1739 – I. P. Giebler, 24 September 1739. It is interesting to see that Johann Philipp Giebler (q.v.) and from Sept. 1-30 was stationed at the Simonsberg mine in Namaqualand (C 730, p. 243). He was also married to Anna Margaretha Hop who was the daughter of Hendrik Hop
1739 – F. M. Lourens, 24 Sp. 1739
1741 – I. A. Losper, 1741 D.15 Aug
1743 – V.S.M.
1743 – G.B.R. – A. 1743 Inder. There is no question that V.S.M. and G.B.R. on the 11th and the 12th respectively engraved their names. They would have travelled together. The two sets of initials follow one another and in turn by date.
1747 – Jacob Breedt. Jacob Cloete accompanied him on 25th October.
1747 – Jacob Cloete. 1747 D 25 October “bin ik gekomen alby heer”

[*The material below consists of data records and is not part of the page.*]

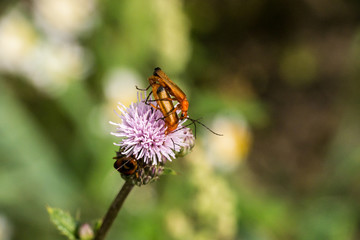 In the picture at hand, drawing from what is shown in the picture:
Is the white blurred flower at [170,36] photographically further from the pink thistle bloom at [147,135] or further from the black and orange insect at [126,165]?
the black and orange insect at [126,165]

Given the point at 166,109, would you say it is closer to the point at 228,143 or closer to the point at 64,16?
the point at 228,143

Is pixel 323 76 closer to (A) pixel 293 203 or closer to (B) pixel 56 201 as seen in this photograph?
(A) pixel 293 203

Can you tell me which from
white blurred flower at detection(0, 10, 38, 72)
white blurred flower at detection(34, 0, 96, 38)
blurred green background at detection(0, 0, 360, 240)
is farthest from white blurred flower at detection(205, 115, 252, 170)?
white blurred flower at detection(0, 10, 38, 72)

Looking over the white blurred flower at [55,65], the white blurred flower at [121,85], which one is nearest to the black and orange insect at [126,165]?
the white blurred flower at [121,85]

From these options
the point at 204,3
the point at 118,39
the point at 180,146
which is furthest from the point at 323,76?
the point at 180,146

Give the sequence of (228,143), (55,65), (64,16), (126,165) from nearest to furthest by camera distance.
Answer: (126,165) < (55,65) < (64,16) < (228,143)

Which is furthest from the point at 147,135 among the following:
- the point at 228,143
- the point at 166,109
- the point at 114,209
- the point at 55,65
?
the point at 228,143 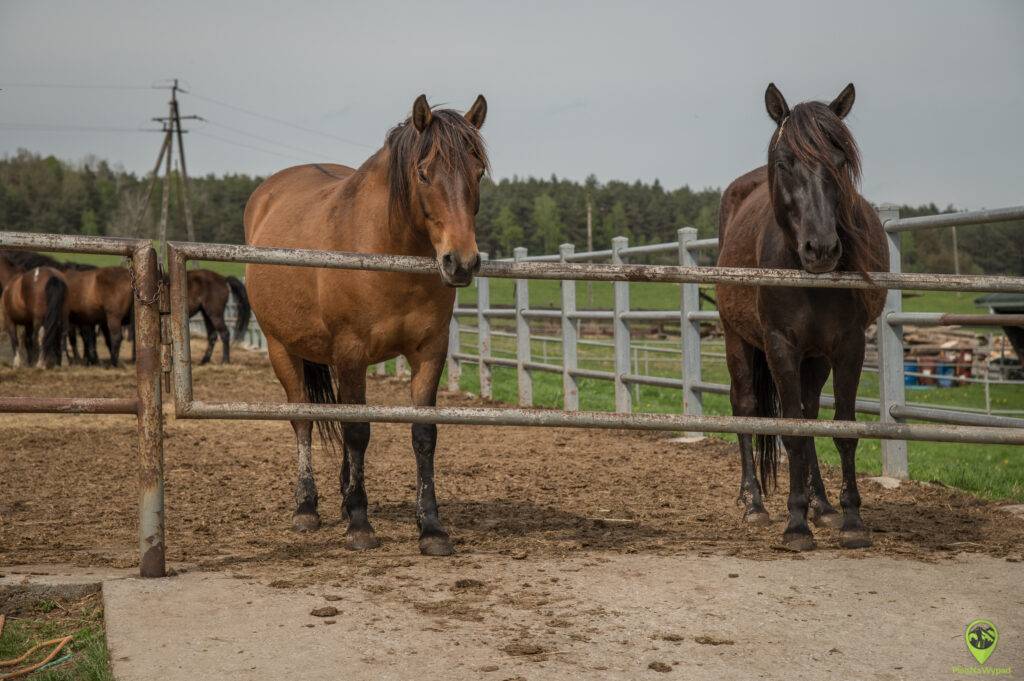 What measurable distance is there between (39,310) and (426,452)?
13545 millimetres

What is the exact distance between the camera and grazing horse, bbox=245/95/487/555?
139 inches

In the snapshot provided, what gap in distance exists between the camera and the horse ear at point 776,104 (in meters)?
3.93

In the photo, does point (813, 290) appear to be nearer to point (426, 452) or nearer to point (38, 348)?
point (426, 452)

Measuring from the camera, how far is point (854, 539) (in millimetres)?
3750

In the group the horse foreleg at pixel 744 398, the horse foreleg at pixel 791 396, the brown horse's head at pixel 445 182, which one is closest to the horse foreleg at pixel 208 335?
the horse foreleg at pixel 744 398

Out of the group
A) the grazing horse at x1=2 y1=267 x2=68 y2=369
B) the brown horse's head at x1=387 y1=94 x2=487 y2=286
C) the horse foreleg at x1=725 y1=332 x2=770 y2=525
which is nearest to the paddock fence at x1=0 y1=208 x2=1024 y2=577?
the brown horse's head at x1=387 y1=94 x2=487 y2=286

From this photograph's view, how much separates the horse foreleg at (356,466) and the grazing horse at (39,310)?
42.2 feet

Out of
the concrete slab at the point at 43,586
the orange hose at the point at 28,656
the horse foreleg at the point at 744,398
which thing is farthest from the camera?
the horse foreleg at the point at 744,398

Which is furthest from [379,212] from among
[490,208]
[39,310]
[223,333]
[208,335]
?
[490,208]

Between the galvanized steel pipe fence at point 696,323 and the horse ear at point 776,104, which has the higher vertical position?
the horse ear at point 776,104

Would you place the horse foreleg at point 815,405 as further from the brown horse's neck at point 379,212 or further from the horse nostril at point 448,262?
the horse nostril at point 448,262

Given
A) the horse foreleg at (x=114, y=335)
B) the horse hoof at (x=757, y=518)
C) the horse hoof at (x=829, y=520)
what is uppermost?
the horse foreleg at (x=114, y=335)

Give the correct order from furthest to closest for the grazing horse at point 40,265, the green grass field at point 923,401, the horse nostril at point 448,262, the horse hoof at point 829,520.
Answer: the grazing horse at point 40,265
the green grass field at point 923,401
the horse hoof at point 829,520
the horse nostril at point 448,262

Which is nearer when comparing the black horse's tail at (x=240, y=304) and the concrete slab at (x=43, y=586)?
the concrete slab at (x=43, y=586) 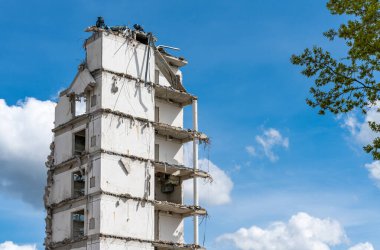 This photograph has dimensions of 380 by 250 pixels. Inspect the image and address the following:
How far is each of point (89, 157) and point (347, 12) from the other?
40414 millimetres

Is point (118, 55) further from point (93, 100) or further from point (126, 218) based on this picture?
point (126, 218)

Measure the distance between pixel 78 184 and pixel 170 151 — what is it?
11327mm

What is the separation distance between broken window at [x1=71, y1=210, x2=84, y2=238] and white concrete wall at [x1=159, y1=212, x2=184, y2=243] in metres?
8.55

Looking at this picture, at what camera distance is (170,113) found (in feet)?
261

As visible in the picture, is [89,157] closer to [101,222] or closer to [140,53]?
[101,222]

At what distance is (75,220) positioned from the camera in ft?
234

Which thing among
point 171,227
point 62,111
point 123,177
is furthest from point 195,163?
point 62,111

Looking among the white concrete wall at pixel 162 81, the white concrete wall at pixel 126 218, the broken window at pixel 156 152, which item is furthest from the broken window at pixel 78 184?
the white concrete wall at pixel 162 81

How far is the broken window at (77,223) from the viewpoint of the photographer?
232 ft

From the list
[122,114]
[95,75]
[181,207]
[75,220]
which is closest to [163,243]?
[181,207]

1752 – P. Laubster (sic) This name and date was given by Andrew Smith in his list of 1828 but no trace is to be found on the rock. It must have been obliterated either deliberately or by accident.
1759 – I.A. v.d. Heever
1761 – 1762 Hendrik Hop travelled north with a large party and camped at the mountain but neither he nor any of his men left their mark. “Saturday 1st August we left Ratel-klip, but since our oxen had become very weak by reason of the great heat and poor pasturage, we were compelled to rest after a journey of a league and half and the place called Heerenlogement. On his return journey on Monday 12 April 1762 he noted “We travelled with one of the Company’s (VOC) wagons to the place called Heerenlogement. It is also interesting to see that on this expedition Johan Andries Ook (Auge), the botanist, who was described on the official list as “thuynier” or gardener. Other party members included but not mentioned in previous publications Surgeon Carel Christoffel Rykvoet, a mineralogist. Thirteen Colonists volunteered, amongst them were well-known South African names as Coetsee, Roos, Joubert, Heyns, Kruger, Marais, Badenhorst, Greeff and Van Niekerk. Fifteen wagons, each drawn by a span of ten oxen, and sixty-eight half-breeds accompanied the party.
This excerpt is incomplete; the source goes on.